Eyes swollen and runny, act tired, then die. Lost over two dozen chickens in a week. Ideas?

Discussion in 'Emergencies / Diseases / Injuries and Cures' started by crperdue, Feb 21, 2012.

  1. crperdue

    crperdue Songster

    Oct 30, 2008
    Lake Waccamaw, NC
    I have about 200 chickens in several different flocks. Some are in small breeding flocks of 10 hens and a rooster, and then a flock of about 90 hens and 10 roosters in a pastured hoop house that is moved to fresh grass every day.

    The hens in the pasture had been laying about a month when they began showing signs of illness. Some of them acted tired and just sat around eating very little. Some of those had watery eyes, some swelling around one or both eyes, and there was some sneezing. Some of the affected birds recover but some just lay down and die. Egg production in the pastured pen dropped from around 65 a day to about 6 a day.
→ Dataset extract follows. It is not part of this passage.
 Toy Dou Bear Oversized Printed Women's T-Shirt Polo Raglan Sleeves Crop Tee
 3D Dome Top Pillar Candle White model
    The pastured hoop house is about 100 yards from the breeder pens, but the illness spread over there anyway. Otherwise healthy adult birds seem sick for about a day then either die or recover. About half to a third of the sick birds die.
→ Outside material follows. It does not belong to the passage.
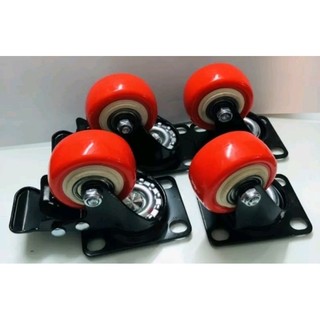 Combo bộ 4 bánh đỏ 5 phân, gồm 2 bánh xoay, 2 bánh khóa y hình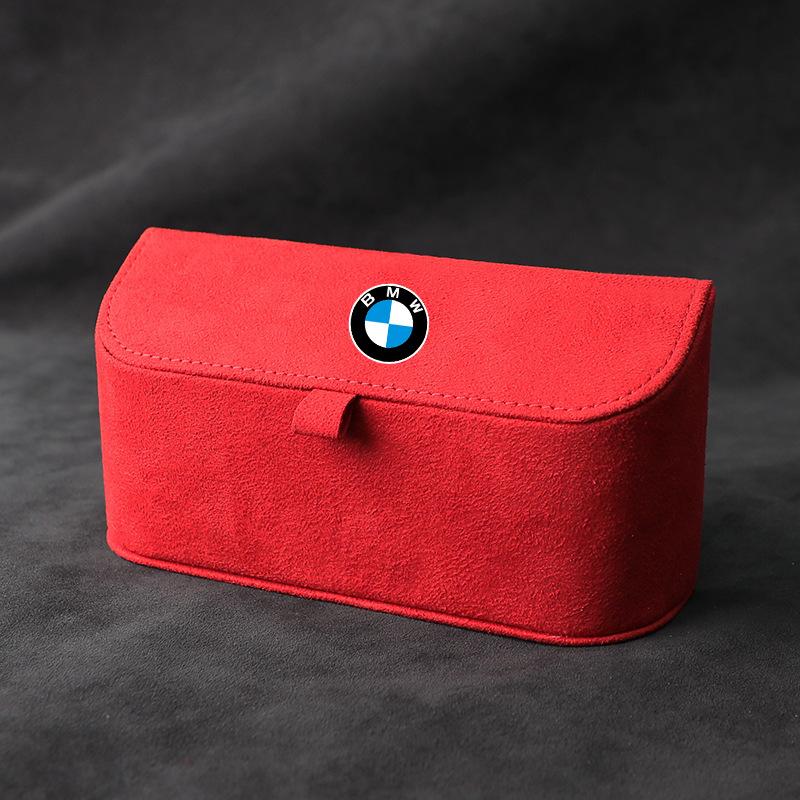 High-Quality Suede Car Sun Visor Glasses Box Car Badge Sunglasses Clips Glasses Box For BMW X1 X2 X3 X5 X4 X6 X7 G30 G20 G32 G11 QH9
    The only thing I had on hand was Corrid, but that didn't seem to have any effect at all. I was going to just let this run it's course and continue on with birds that had natural immunity, but yesterday I lost my only midget white turkey hen and I'd really like to at least know what this is.

    Anybody know what this might be?

  2. bargain

    bargain Love God, Hubby & farm

    Apr 13, 2008
    Bowdon, GA
    I would suggest contacting the Poultry Inspection office for your state and ask them if they could do an onsite inspection of the poultry or if you should bring some of the cadavers to them. I wouldn't want to second guess what it might it might be crd, ILT or MG.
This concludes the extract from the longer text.